=== Instructions for the task ===
Copy each line of the listing that includes "Property".

=== Available data ===
_ _ _ _

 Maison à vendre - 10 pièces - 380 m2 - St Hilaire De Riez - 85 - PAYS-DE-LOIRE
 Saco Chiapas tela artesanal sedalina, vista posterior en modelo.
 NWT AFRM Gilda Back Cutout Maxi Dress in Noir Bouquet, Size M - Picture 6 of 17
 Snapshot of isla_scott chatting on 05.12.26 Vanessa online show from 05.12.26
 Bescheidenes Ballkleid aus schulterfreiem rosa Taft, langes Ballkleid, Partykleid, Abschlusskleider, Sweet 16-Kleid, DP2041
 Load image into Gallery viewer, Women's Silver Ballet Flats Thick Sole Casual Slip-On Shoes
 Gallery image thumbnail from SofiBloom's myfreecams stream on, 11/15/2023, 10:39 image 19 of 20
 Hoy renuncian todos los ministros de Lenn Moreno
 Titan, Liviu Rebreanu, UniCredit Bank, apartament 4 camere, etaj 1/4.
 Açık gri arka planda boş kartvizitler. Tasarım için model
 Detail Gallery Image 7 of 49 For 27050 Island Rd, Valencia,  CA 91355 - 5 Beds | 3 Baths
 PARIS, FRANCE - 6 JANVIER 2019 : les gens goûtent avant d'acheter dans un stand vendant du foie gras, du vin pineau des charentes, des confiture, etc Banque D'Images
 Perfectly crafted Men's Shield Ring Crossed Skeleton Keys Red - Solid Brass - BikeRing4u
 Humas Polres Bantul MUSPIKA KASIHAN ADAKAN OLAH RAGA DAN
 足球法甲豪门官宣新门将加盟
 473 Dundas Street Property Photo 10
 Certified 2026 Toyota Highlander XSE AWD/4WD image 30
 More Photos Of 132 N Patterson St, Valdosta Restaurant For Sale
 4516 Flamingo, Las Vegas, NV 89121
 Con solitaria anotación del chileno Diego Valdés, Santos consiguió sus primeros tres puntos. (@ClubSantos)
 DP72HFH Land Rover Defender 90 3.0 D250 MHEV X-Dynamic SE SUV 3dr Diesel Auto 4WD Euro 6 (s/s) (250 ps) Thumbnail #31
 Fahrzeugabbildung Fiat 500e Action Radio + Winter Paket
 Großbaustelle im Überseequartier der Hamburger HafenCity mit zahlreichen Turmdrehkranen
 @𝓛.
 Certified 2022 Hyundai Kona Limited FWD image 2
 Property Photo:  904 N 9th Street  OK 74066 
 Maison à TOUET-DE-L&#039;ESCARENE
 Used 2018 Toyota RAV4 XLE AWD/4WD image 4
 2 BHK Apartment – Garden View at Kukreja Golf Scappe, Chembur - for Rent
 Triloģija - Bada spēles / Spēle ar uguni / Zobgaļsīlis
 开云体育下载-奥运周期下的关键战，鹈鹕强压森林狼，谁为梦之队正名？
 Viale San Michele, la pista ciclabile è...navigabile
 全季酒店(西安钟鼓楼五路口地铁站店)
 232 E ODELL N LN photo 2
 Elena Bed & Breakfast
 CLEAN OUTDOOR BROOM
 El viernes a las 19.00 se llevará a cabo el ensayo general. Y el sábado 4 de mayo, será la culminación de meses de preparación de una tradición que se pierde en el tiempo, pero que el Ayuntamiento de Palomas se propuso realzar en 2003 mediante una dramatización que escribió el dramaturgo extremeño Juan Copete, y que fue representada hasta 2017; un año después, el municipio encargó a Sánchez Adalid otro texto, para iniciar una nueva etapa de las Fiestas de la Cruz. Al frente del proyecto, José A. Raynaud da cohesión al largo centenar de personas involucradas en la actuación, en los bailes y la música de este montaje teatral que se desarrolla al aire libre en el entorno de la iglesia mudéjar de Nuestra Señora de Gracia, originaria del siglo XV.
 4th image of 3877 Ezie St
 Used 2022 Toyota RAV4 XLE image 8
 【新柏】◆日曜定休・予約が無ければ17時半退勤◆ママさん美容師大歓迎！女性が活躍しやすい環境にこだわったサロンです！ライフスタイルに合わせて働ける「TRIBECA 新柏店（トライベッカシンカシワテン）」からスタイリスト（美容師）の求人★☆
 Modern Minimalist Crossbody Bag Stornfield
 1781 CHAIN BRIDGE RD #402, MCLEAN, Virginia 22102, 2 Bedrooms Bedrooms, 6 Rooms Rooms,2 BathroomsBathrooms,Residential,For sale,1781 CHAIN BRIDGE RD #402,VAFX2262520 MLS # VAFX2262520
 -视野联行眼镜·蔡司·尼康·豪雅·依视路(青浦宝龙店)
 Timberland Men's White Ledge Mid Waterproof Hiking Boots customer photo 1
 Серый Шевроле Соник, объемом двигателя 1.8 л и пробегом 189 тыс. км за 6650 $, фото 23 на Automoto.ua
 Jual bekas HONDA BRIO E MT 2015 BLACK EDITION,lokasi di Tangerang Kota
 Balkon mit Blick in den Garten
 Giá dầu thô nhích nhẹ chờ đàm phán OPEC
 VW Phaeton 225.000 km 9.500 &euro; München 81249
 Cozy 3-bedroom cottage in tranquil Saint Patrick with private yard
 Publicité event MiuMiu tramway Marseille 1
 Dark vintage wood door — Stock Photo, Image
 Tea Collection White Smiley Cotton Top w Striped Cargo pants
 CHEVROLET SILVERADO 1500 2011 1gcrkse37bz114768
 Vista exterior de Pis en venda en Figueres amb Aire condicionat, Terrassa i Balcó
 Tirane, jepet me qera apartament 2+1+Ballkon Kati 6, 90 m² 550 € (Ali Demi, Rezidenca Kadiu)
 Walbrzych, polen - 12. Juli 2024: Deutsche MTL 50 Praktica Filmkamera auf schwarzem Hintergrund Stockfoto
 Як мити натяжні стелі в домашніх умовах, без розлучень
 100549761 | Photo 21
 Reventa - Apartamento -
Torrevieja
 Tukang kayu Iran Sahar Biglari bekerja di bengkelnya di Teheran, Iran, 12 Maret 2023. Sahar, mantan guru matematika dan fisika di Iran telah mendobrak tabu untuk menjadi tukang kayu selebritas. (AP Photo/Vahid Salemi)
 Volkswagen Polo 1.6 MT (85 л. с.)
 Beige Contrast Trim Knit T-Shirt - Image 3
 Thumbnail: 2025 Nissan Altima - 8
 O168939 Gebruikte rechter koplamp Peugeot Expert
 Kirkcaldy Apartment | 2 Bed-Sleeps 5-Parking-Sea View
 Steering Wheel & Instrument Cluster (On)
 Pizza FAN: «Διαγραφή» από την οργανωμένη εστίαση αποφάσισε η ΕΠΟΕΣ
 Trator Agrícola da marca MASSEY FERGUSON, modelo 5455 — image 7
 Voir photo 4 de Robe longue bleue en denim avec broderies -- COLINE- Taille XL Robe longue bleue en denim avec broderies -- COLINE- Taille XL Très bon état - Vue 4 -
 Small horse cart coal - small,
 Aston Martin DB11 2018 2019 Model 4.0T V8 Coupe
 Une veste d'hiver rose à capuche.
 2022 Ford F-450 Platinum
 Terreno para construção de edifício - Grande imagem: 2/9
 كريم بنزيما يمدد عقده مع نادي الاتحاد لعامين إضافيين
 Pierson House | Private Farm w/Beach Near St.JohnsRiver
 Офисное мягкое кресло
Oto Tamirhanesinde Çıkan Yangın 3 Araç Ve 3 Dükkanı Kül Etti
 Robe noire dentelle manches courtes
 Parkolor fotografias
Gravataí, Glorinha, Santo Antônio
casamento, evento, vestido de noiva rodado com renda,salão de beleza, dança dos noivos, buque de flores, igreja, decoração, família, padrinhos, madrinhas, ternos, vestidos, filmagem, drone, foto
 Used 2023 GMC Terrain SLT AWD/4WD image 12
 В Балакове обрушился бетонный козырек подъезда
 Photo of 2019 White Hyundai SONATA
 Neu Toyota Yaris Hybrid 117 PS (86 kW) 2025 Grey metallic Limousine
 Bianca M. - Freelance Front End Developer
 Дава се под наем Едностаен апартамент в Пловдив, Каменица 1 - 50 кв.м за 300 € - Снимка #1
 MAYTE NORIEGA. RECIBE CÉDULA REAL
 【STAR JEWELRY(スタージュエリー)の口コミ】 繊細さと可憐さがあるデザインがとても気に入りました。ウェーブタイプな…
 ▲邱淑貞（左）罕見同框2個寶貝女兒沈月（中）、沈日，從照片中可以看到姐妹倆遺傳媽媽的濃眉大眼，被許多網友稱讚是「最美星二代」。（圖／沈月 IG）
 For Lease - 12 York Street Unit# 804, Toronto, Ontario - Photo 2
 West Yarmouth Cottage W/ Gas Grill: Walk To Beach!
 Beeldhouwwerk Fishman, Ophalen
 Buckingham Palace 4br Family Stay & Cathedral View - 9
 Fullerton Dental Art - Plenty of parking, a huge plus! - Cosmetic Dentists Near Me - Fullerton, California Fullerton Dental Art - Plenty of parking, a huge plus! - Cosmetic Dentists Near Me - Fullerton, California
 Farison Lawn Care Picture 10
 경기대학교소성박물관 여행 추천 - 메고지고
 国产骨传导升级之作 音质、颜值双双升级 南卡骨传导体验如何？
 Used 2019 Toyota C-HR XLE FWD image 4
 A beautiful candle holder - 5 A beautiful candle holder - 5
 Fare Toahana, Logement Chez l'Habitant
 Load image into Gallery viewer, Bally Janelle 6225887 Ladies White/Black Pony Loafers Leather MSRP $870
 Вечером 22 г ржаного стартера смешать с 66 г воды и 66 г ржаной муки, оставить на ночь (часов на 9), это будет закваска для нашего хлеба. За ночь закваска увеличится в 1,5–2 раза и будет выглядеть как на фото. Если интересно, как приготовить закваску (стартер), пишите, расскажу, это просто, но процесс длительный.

_ _ _ _

=== Answer section ===
 473 Dundas Street Property Photo 10
 Property Photo:  904 N 9th Street  OK 74066 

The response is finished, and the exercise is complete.